GUGATAN BISU
Pada waktu yang sedang berhenti, dunia terasa lari menjauhi. Ada jerit yang menderit-derit Dari ngarai dada tak punya gema, mengelu-ngilukan sumbang kesepian. Adakah hati sudi melirik? Adakah mata sudi menyapa? Pada perempuan bertubuh angin, terombang-ambing mencari pulang paling mungkin. Di antara kalut kata-kata yang berliaran menyesak kepala, tak ada satu pun menyusun kalimat pengantar lega. Yang berhambur, hanya caci-benci kuasai diri, membekap teriak hati dan menggesekkan nada-nada duka.
Biarlah luka-luka kupupuk bersama malam-malam mencekam. Bersama sungai yang mengalir dari hulu mataku. Biarlah mereka terbendung, dalam kapuk-kapuk bantal yang memberat menampung deru kesedihan.

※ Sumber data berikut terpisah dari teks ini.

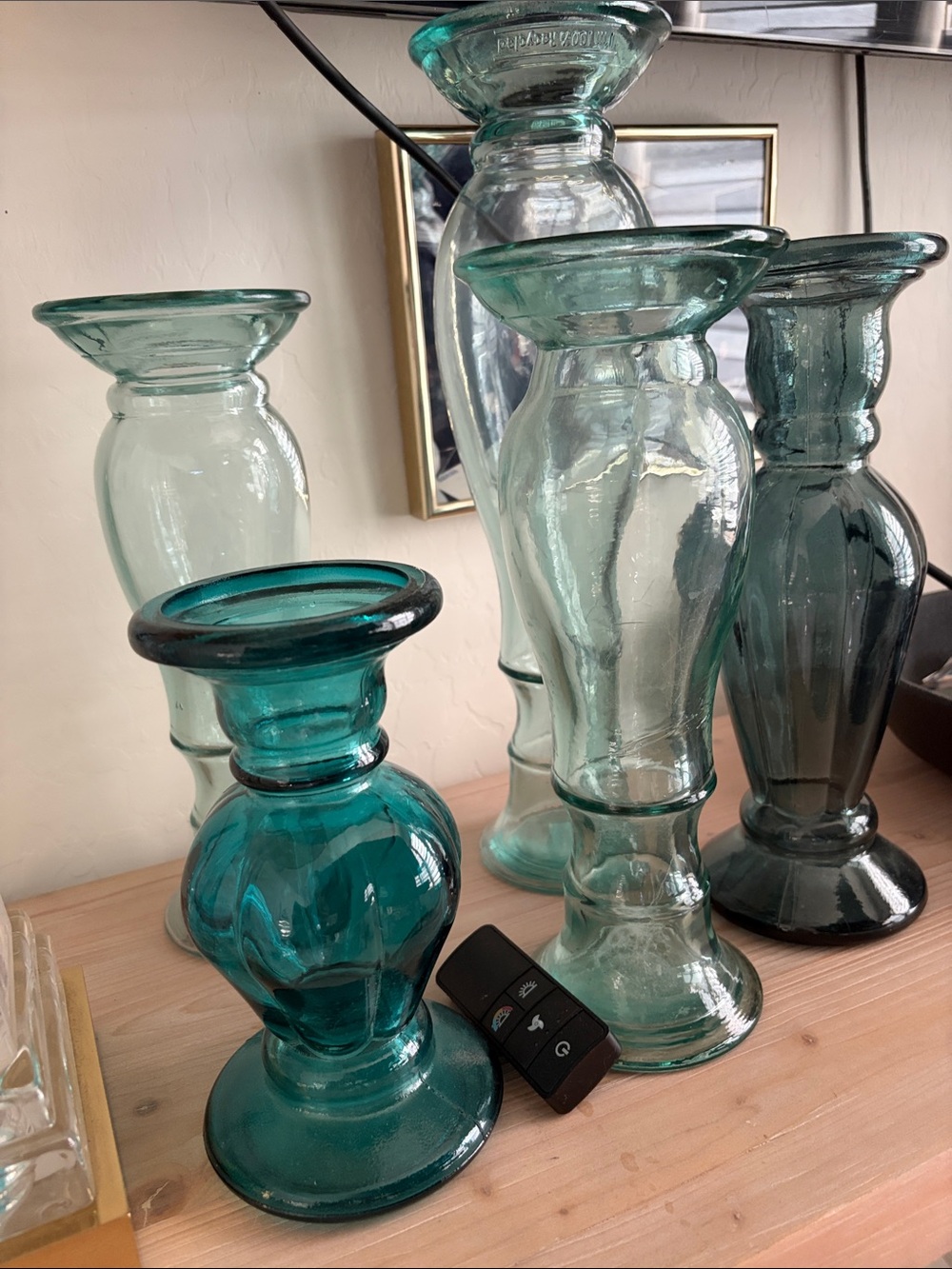 Pottery Barn Teal and Seafoam Glass Vase Set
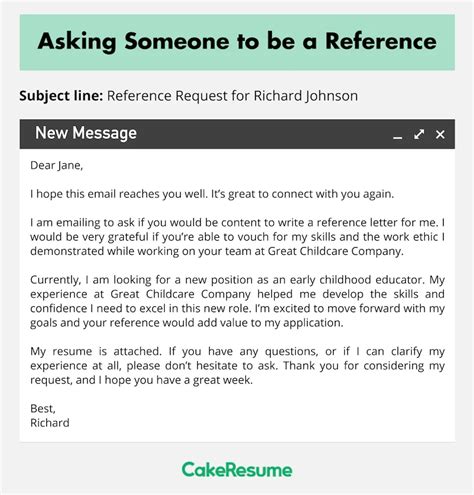how to ask for a reference example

Biarlah kesepian mengeratkan akarnya dalam liuk-lekuk tubuhku, agar tak ada hasrat meminta, dan tak lagi hampa terlalu menyiksa.
JEBAKAN
kulihat dirimu di tiap sore yang haru
mengadu warna dan hawa
membolak-balik halaman waktu
kala saat sendu itu, dadaku seperti dadu
yang terlempar ke arena rasa tak tentu
helai-helai rambutku mengibas-ngibas daun jendela
dan dalam pangkuan kursi beranda,
ada sepintas udara yang mengerat-endurkan bayang-bayang
aroma pengembaraan mulai menjalar
ke akar kepala paling liar
dan di kedalaman rupamu
aku mulai menelisik tiap geliat mega yang samar
adakah merah atau kuning menyatu sesuai garis?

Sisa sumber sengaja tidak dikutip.